So it's encouraging to see that the Solaris TCP architecture is flexible enough to offer good temporal guarantees (we had tests running for several days on tuned systems, sending data back and forth continuously with no noticeable outlier). The solution we present here would require changes to the Solaris kernel to allow the priority of the squeue worker threads to be tunable, either at boot time or ideally at runtime: the priority of the squeue worker threads will become a part of the RT application configuration and thus the user will want to be able to play with different values.

The Solaris TCP implementation is evolving with the introduction of virtualization support, so what I describe here may not apply to later Solaris versions.

Again Dtrace proved invaluable to help understand the system's behavior (with limited prior understanding of Solaris TCP implementation) even when we must get to the bottom of a single outlier in hour long runs.

Thanks to Erik for his priceless insights on TCP and Solaris.

Monday Jun 29, 2009

64 bit Java RTS

We are progressing on our new release of the Sun Java Real-Time System (Java RTS) and are making the first early access builds available for download. One of the big change with this release is the availability of a 64 bit Java RTS (on our supported platforms: Solaris sparc and x86, real-time Linux x86) that should, in practice, remove all limits on the heap size (a 32 bit Java RTS process is typically limited to 2 to 3 GBytes of heap size).

For Java RTS,  going to 64 bits was challenging because we only support hotspot's client compiler and our code base is built from a JDK5 hotspot VM.

Why does RTS only support the client compiler?

A standard Java SE implementation (such as the hotspot VM) first runs methods interpreted and only when a method is identified as hot is it compiled. The VM runtime takes advantage of the interpreted execution to gather profile data and uses this data to perform more aggressive optimizations. Also, the VM runtime further optimizes for throughput by relying on optimistic optimizations: at compile time, the runtime uses the current state of the VM to perform aggressive optimizations that might later be invalidated. When that happens, the method is deoptimized (resumes execution interpreted) and a recompilation may only happen later on.
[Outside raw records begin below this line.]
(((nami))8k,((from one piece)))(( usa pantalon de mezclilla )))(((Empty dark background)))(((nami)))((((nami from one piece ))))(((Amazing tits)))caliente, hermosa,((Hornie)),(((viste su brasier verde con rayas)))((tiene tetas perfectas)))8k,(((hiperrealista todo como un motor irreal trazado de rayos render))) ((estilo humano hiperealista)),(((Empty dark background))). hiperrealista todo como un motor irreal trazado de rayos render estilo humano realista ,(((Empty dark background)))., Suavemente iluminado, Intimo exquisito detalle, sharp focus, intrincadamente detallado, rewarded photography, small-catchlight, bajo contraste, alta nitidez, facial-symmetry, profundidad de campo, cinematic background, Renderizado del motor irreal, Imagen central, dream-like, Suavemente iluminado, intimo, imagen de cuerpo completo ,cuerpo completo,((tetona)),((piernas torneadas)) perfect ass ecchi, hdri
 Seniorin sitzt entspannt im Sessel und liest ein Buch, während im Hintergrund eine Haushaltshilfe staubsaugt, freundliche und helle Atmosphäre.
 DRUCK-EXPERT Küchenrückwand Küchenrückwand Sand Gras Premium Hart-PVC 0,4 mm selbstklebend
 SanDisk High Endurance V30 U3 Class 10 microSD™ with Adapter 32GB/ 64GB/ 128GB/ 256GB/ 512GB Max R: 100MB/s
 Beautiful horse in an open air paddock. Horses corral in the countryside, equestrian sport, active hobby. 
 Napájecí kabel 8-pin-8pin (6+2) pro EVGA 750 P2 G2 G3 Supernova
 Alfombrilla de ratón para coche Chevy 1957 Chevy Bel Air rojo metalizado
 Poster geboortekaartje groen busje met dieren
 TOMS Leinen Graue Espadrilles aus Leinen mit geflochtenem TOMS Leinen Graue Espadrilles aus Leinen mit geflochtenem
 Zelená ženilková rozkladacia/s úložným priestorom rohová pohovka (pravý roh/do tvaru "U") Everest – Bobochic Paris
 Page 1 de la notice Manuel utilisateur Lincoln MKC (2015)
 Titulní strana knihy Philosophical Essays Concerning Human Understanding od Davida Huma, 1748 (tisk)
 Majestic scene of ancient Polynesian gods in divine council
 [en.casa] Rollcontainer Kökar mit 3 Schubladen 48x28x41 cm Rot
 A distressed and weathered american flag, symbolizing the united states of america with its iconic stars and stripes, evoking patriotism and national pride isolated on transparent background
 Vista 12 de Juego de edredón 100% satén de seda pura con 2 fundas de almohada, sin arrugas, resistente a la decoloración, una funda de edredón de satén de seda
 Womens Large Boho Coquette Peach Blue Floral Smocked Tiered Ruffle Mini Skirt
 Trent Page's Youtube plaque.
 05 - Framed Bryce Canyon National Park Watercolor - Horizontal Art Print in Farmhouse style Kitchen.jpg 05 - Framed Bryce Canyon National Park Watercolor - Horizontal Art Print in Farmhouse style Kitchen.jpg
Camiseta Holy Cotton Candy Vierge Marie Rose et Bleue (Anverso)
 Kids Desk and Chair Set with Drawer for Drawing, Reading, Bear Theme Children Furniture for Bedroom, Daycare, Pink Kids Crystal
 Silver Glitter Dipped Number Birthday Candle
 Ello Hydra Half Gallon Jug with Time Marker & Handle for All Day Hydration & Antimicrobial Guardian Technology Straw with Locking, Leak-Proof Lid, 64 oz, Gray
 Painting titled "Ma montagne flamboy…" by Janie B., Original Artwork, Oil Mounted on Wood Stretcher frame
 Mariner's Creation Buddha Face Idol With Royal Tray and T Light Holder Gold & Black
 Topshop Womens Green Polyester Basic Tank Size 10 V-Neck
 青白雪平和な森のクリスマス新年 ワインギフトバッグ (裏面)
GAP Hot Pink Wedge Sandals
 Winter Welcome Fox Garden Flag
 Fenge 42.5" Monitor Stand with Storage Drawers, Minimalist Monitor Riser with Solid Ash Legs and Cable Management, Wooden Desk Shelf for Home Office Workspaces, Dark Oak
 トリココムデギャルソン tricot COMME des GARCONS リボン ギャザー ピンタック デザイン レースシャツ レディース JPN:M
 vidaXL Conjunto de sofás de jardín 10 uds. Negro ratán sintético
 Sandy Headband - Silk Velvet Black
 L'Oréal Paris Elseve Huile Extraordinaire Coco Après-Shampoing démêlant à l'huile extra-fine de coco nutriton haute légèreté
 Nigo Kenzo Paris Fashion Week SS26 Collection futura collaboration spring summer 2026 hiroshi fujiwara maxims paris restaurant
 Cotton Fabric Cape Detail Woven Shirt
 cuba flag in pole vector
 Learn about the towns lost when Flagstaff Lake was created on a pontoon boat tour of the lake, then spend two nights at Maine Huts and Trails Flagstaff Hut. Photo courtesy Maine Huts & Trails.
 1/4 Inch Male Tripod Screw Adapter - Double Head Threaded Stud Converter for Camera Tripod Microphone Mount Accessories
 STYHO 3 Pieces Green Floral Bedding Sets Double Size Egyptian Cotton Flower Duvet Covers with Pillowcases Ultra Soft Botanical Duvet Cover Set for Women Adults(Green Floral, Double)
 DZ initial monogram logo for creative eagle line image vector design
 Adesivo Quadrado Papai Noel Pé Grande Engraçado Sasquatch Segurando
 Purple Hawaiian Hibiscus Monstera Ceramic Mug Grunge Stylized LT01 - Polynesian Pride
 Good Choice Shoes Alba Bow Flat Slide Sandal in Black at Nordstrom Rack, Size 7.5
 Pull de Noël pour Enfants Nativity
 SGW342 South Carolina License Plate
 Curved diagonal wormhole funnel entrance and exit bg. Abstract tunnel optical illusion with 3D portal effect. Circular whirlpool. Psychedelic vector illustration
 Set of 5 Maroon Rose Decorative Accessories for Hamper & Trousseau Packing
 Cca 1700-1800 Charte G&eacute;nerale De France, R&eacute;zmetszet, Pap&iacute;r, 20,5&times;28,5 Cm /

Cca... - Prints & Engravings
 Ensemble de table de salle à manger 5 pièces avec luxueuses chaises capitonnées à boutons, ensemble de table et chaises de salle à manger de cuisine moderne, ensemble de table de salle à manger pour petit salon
A real-time Java implementation must offer guarantees on maximum execution time. The lower the maximum execution time, the better, even when it results in an higher average execution time (lower throughput). What that means is that from the time the application enters its steady state, all code in the critical path must be compiled. A real-time VM has to compile code early and cannot benefit from extended interpreted execution and profile driven optimizations. It cannot limit compilation to hot methods but has to compile all critical methods. Finally, to keep the bound on execution time low, compiled methods cannot return to interpreted execution so no optimistic optimization can be used in the critical path.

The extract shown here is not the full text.